FERRY SERVICE SAVED? - NON!


September 14 2015.


Haven News
readers may have recently read elsewhere that the Newhaven to Dieppe ferry service had been 'saved'. Not so....

Rod Main reports on the Transmanche Operational Partnership (TOP) meeting held last Friday in Dieppe:


The meeting started with a statement from André Gautier of the Conseil Departmental Seine Maritime (CDSM) on the current position.

Various press announcements over the summer seemed to have jumped the gun regarding the future of the ferry service between Newhaven and Dieppe. CDSM has studied several alternatives and in July, SMPAT (Syndicat Mixte de Promotion de l'Activité Transmanche) which is the current owning body of the ferry service, proposed a creation of a “Régie Personnalisée” (RP). This is a sort of arms length automous body, like a holding company, to take control of the service and make decisions on all aspects of how it is run, including the possibility of sub-contracting all, or some of the activities associated with it. It is currently looking for a Chief Exec who they hope to appoint in a few days time.

This structure also allows CDSM to address the legal difficulties that CDSM's accountants have drawn attention to. Namely that CDSM is a public body putting money into a private business. Other bodies will be asked to contribute and have seats on the board. Dieppe Town Council and the Dieppe Chamber of Commerce are two that are known at this point.

DFDS will run the booking service up to the end of March 2016, but will not be running the line. A recent public announcment has been made in Copenhagen indicating that the DFDS contract ends at the end of December.

The meeting was assured that CDSM was still very much behind the line and hoped to involve many other interested parties, including users, employess and TOP itself in discussions.

Contracts for all employess should be transferred by the end of September. Sub-contracts for running various aspects - eg food services on board - are still up for negotiation and will be let as or if businesses come forward to join this new structure.

This announcment certainly did seem to confirm that the RP would take control and run the ferries directly. This did not sit well with a member of the board of SMPAT, who, while agreeing that the decision taken had been unanimous, was under the impression that the decision on who actually ran the line had not been finalised. Indeed, many other aspects of the RP could also be considered to be “undefined”. He was shocked to learn that this was CDSM's intention and this had been made public only two days after a SMPAT board meeting where it had not been mentioned. Not allowing DFDS to continue as the contractor to run the line seemed to be the wrong way forward and going back to the days when the service was directly run by CDSM.

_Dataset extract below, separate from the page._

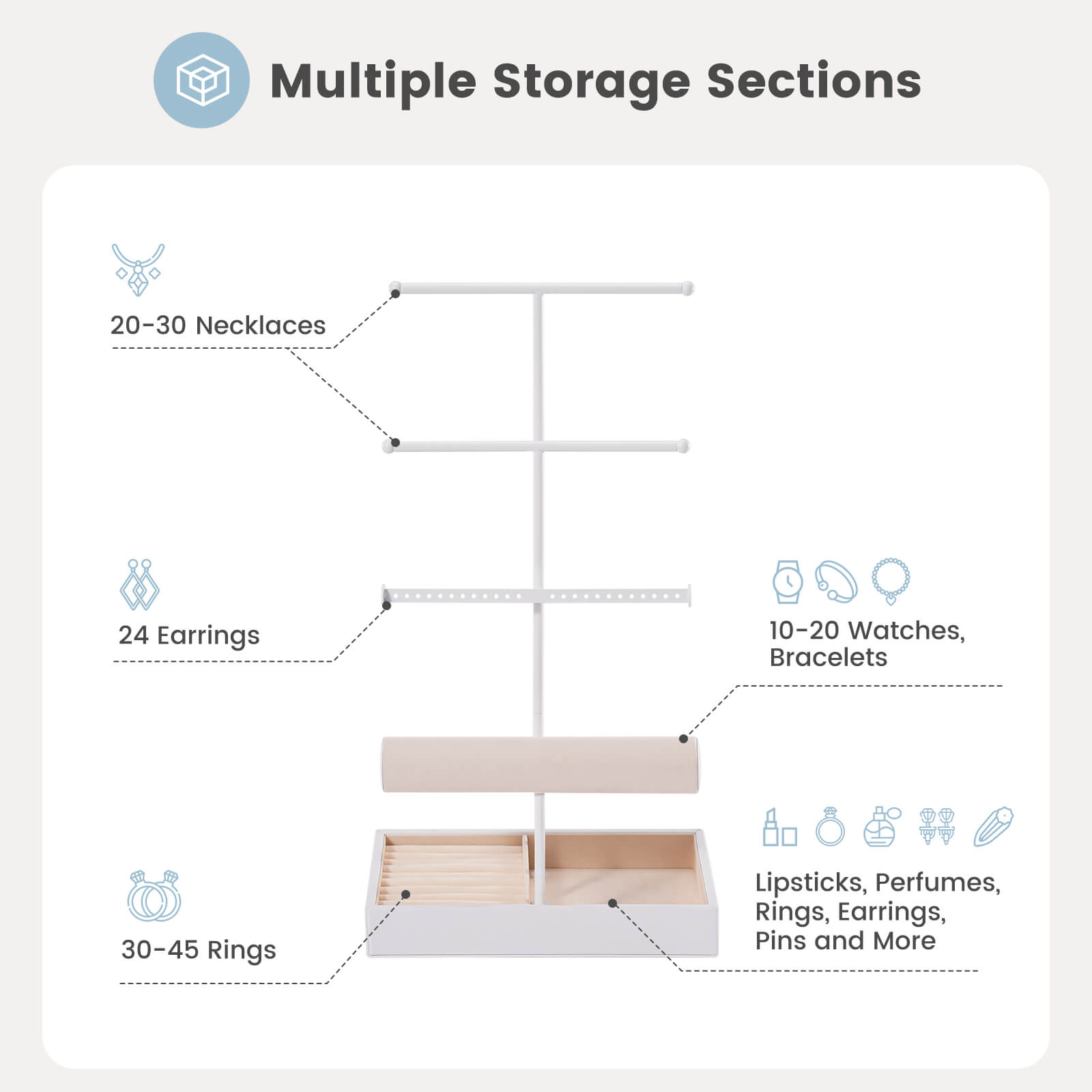 4 Tiers Jewelry Holder Tree with Velvet Tray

This point was taken up by a representative from the employees works council who argued that it seemed folly to ditch DFDS when it had shown over the last few years that it was possible to run the service and gather more business using its extensive marketing network. Why discard what has been successful?

Further comments from around the table suggested that the RP could be the operator, but the actual service contracted out. Given that DFDS had put a lot into the service then it should be the obvious choice.

The name of the service could change as the word “Transmanche” was a descriptive used in many places for cross-channel operations and not just ferries. Again, this attracted some criticism that there was now an established brand name which would be ditched for something new and unknown, simply because it was new. To establish a new brand would be to waste what had already been established.

To me, the establishment of an RP seemed to be a way of getting around the law regarding putting public money into private business. It would be an automous body which could make its own decisions and react quickly to events.

In some ways, Newhaven Port and Properties could be regarded in a similar fashion. Nonetheless, (like NPP), it is still going to be funded by the partners who buy into it and, currently, the largest finance is coming from CDSM and Dieppe Town Council.What happens if no other business or organisations join in? Even if they do, I'm not wholly convinced that it succeeds in addressing the legal angle.

It is also difficult to see how this is not going to be perceived as CDSM running the ferry service however long their 'arms reach' position. It is promising to hire in experienced (in running ferries) staff, but there will still be the impression that CDSM is running it by remote control, given it is supplying the finance.

Creating a new company which will then have to compete with DFDS's other services and other operators, (e.g. Brittany Ferries), in the current marketplace seems to defy logic, particularly when DFDS has been so successful thus far.

Changing the name will further hamper the services chances of competing as it will be unknown. It certainly won't have the marketing clout of DFDS or Brittany Ferries to attract business, even if that aspect is contracted out.

All things considered, this looks like a very dubious way forward simply to allow political control freakery to take place (and political/politicised bodies are notoriously bad at running business ventures).

On the plus side, it seems that the service will continue into 2016, although “FERRY SERVICE SAVED” may still be a premature headline.

Rod M Main

*The views expressed here are the author's own and do not necessarily reflect the views of TUG-Horizon, of which he is a member, nor the overall view of TOP.